Vorrei rispondere in maniera negativa, invece è così, ho paura di perdere il controllo. Anche perché quando devi ottimizzare i tempi, conciliare il lavoro, la cena, la spesa e tutto il resto, devi necessariamente calcolare ogni dettaglio. Io sono una persona che ama essere organizzata, altrimenti non ce la faccio. È qualcosa che, però, ho imparato da quando sono mamma. Secondo me c’è anche il senso di responsabilità che ti frega, a volte si fa troppo. Spesso è un fatto molto mentale, non sempre pratico.
Raccontaci un ricordo che porti sempre con te.
La prima volta che sono andata al Maurizio Costanzo. È stato nel 1993, non avevo fatto nemmeno Sanremo. Ero terrorizzata, incontrare un mito come Costanzo non capita tutti i giorni. Ma lui fu fantastico. Intanto mi permise di duettare con un jazzista incredibile, era una roba che capivamo in pochi. E poi mi fece cantare con mio padre: è un’immagine che conservo gelosamente nella mia memoria.

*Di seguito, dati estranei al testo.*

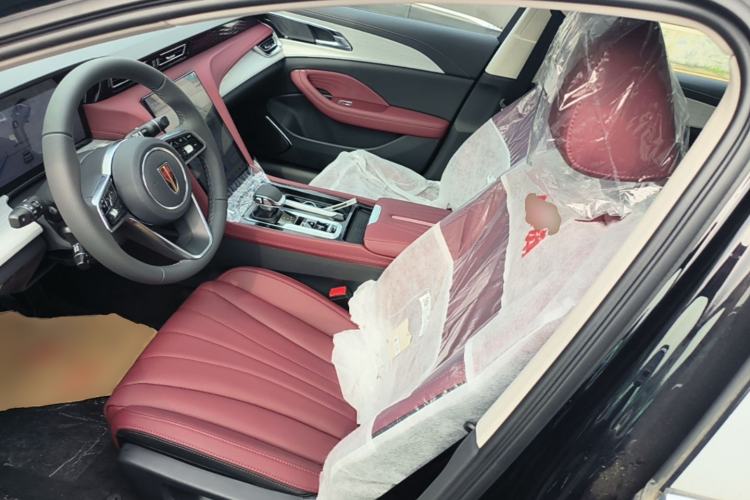 Used Hongqi H5 2025 2.0T Automatic Flag Edition – 500 000 Units Commemorative Version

Cosa rappresenta per te il canto?
Il canto è liberatorio, non devono cantare solo quelli che sanno cantare. Tutti devono farlo perché fa bene, uno sfogo di voce fa sempre bene a una persona.
Quando hai un concerto, come sei la sera prima?
Di solito siamo in ritardo rispetto alla tabella di marcia, c’è tutto da fare, ma quel tutto si concretizza all’ultimo, per non si sa quale magia. Prima, però, l’atmosfera è tesa, io mi angoscio facilmente, non dormo la notte. L’ansia è parte di me, insomma. Per questo, a un certo punto, ho necessità di stare da sola.
Sbatti la porta, mandi via tutti e gridi “Basta, lasciatemi stare”?
Pago una persona che lo faccia per me, così io salvo le apparenze (Ride, ndr). Ecco, mio figlio mi salva in questo perché mi resetta. Quando arriva e mi mostra un disegno oppure quando lo sento che dà i calci al suo pallone, mi riporta per un attimo alla realtà e mi tranquillizza. Però io ho una paura tremenda di salire sul palco, ce l’ho ancora, forse più di quando ero giovane. Mani gelate, stomaco chiuso, ma per fortuna la gola si apre perché non si può cantare con la gola stretta, si basa tutto sul respiro. In realtà, bisogna lavorare più sul modo di respirare che sulla voce perché se non respiri bene, trasmetti ansia.
E quando arrivi sul palco e trovi davanti a te tutto il pubblico, qual è il primo pensiero che ti passa per la testa?
Io penso che ognuno di noi abbia, a suo modo, un momento di esposizione all’esterno, che sia un palco o un ufficio. Secondo me lì devi tirare fuori ciò che sei veramente, lì si vede se sei generoso, triste: si vede tutto. Sono momenti che vanno usati per un po’ di autoconoscenza. Nel mio caso accade una magia, che io penso di dovere al cielo perché non so davvero spiegarmi cosa succeda pochi minuti dopo aver creduto di non potercela fare. È una comunione di intenti, un collegamento con le persone: lì parlano altri elementi che non si possono spiegare a parole, è roba di anime, emozioni, che sono anche un po’ superiori alla fascia dove ci muoviamo quotidianamente. Quello fa la musica
Hai un sogno che non hai ancora realizzato?
No, anche se quando lo dico sembro una persona brutta. Per me il presente, essere qui, in questo momento, è un sogno realizzato.